▶ [WORK TASK]
Print the line containing "5557 Bridge Pointe" and every later line of the records. Keep each one exactly as given, ending with the last.

▶ [INPUT MATERIAL]
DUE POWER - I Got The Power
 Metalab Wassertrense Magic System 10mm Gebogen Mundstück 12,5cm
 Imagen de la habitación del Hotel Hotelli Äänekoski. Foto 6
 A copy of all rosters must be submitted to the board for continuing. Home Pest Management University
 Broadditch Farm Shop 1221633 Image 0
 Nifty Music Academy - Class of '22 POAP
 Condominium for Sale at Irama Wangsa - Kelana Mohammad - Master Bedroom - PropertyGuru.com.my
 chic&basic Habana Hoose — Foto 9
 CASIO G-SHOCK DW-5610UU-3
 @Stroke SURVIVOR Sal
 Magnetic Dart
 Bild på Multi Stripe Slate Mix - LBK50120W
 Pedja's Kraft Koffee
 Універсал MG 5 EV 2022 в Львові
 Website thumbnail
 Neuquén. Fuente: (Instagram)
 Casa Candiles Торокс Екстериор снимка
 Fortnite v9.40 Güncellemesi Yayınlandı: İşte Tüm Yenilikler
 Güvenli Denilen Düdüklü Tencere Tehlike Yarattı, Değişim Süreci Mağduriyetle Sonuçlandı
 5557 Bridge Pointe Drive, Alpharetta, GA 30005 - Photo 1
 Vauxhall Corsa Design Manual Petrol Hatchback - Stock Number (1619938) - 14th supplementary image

▶ [TASK ANSWER]
 5557 Bridge Pointe Drive, Alpharetta, GA 30005 - Photo 1
 Vauxhall Corsa Design Manual Petrol Hatchback - Stock Number (1619938) - 14th supplementary image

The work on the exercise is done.